Da qualche giorno, assistiamo ad un crescendo di preoccupanti segnali sullo stato della nostra economia.
Un crescendo aperto dall'Istat che, la scorsa settimana, ci ha detto che il Paese e' ancora tecnicamente in recessione.

Qualche giorno fa la dichiarazione di Draghi, che ha detto che dovrebbe essere ceduta la sovranita' necessaria alle istituzioni europee, per fare le necessarie riforme che i singoli Stati non sono in grado di fare. Renzi, risentito, ha risposto che le riforme le fara' lui.

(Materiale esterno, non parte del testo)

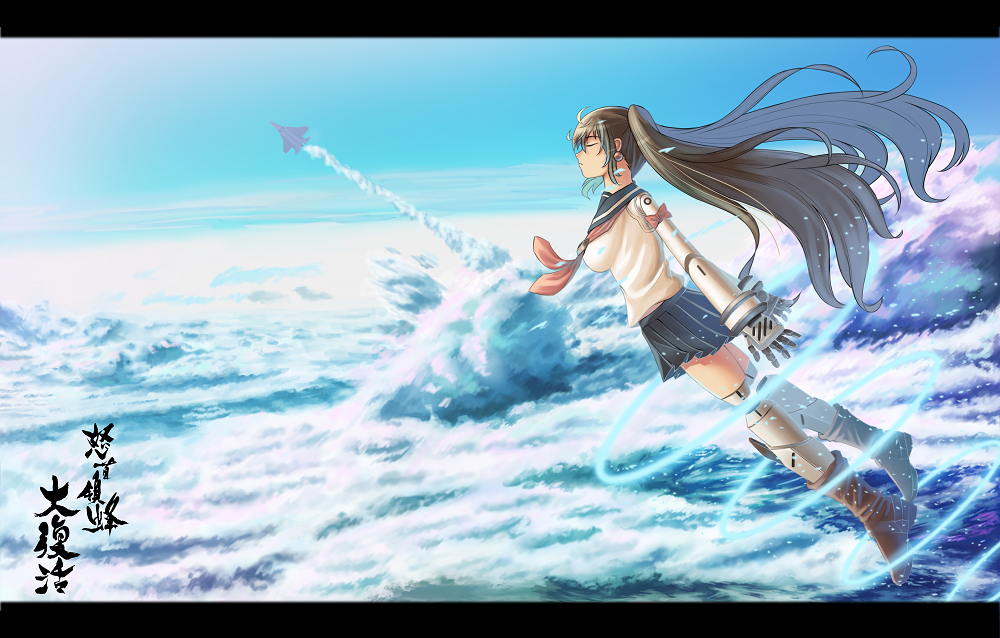 a.i_(dodonpachi) aircraft airplane android blue_sailor_collar brown_hair cloud condensation_trail copyright_name day dodonpachi dodonpachi_daifukkatsu heinz527 letterboxed long_hair pleated_skirt sailor_collar school_uniform skirt sky solo twintails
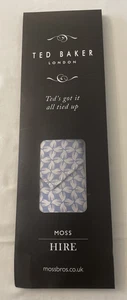 Ted Baker X MossBross Men's 100% Silk Tie + Pocket Handkerchief Blue NEW! - Picture 1 of 6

Benissimo, staremo a vedere. Sta di fatto pero' che Draghi ha detto una cosa che sicuramente non piace, ma che offre uno spaccato purtroppo realistico del gap esistente fra tempi e contenuti delle riforme necessarie da una parte, e le difficolta' incontrate da vari Paesi, in primo luogo l'Italia, nel riuscire realisticamente a portarle in porto.

Ieri, lunedi' 11, e' arrivata la doccia fredda dell'agenzia di rating Moody’s Investors Service che fra l'altro, tramite una dichiarazione rilasciata al quotidiano on-line "Affaritaliani.it" da Sarah Carlson, afferma:
"I recenti dati sul PIL italiano hanno rivelato che l'economia del paese si è contratta dello 0,2% nel secondo trimestre di quest'anno rispetto al trimestre precedente. Alla luce di questi nuovi dati, ora prevediamo che l'economia italiana si contrarrà dello 0,1% nel 2014, contro la precedente previsione di 0,5% di crescita. Tutto ciò rende la riduzione del deficit e del debito più difficile e comporterà l'attuazione di misure economiche strutturali politicamente più impegnative".
"Il governo italiano - prosegue Sarah Carlson - ipotizza un deficit del 2,6% rispetto al PIL nel 2014 e il suo programma di stabilità prevede un disavanzo dell'1,8% nel 2015. Pensiamo che l'Italia mancherà entrambi questi obiettivi (che attualmente prevedono un deficit 2,7% rispetto al PIL in entrambi gli anni, con un significativo rischio di ulteriori revisioni al rialzo), e che l'onere del debito raggiungerà il picco del 136,4% del PIL nel 2014 per poi scendere al 135,8% nell'anno successivo".
"La recessione in Italia - conclude la Vice President di Moody’s Investors Service - avrà effetti negativi sulla politica fiscale e sul clima politico generale, sia a livello nazionale che europeo".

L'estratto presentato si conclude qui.